AVAILABLE DATA:
========================================

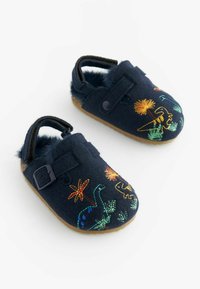 Chaussons en feutre bleu marine avec une doublure intérieure douce, ornés de motifs colorés de dinosaures et de plantes brodés, et une sangle à boucle pour un maintien sûr.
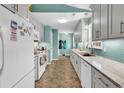Galley kitchen with stainless steel appliances, tile backsplash, and white cabinets, offering a clean, modern design at 454 Sean River Rd., Conway, SC 29526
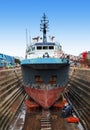 Huge container cargo ship moored to a wharf.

========================================

For this step, transcribe all the material above exactly and drop the images.

 Chaussons en feutre bleu marine avec une doublure intérieure douce, ornés de motifs colorés de dinosaures et de plantes brodés, et une sangle à boucle pour un maintien sûr.
Galley kitchen with stainless steel appliances, tile backsplash, and white cabinets, offering a clean, modern design at 454 Sean River Rd., Conway, SC 29526
 Huge container cargo ship moored to a wharf.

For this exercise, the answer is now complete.